Unfortunately, she's doing (b). Sorry that this is going to impact you :-(
-Mark Roulo
Sounds like a zen koan approach to education.
Mark -- FOIL drives me nuts. One of my personal pet peeves ... why not tust teach it as a derivative of the distributive property, which ruins the acronym, but strengthens the mathematical principle ... and is easier and quicker...
This is more seminar inspired doublespeak from the same folks that have brought us to our knees before with New Math, Whole Language, Open Classroom and whatever fashionable method has been sold by the snakeoil salesmen who speak to our administrators. A local middle school principal seeing the failing grades in her formerly Blue Ribbon school went back in the face of district head honchos and banned all phones, tablets or personal computers between classes or in class.
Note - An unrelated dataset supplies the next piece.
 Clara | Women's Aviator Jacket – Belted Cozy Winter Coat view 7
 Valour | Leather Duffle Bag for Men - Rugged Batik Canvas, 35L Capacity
Seems the little darlings are distracted by their technology. I'm waiting to see how long it is before the superintendent makes them back off.
Well, now you have me curious! How would you explain why the equality symbol is flipped when multiplying by a negative?
I'd show it on a number line.
Let's stick with positive numbers. If one number is larger than another, it's further from zero on a number line. It's farther to the right. Make the two numbers negative, and what had been the larger is still further from zero, but now it's further from zero to the left. Left is smaller. It's "less than". The sign changes.
Nothing earth-shattering. Just a brief explanation along with a visual. Doesn't take an evening of research.
thank god you don't teach our class like this.
Thanks for the clarification!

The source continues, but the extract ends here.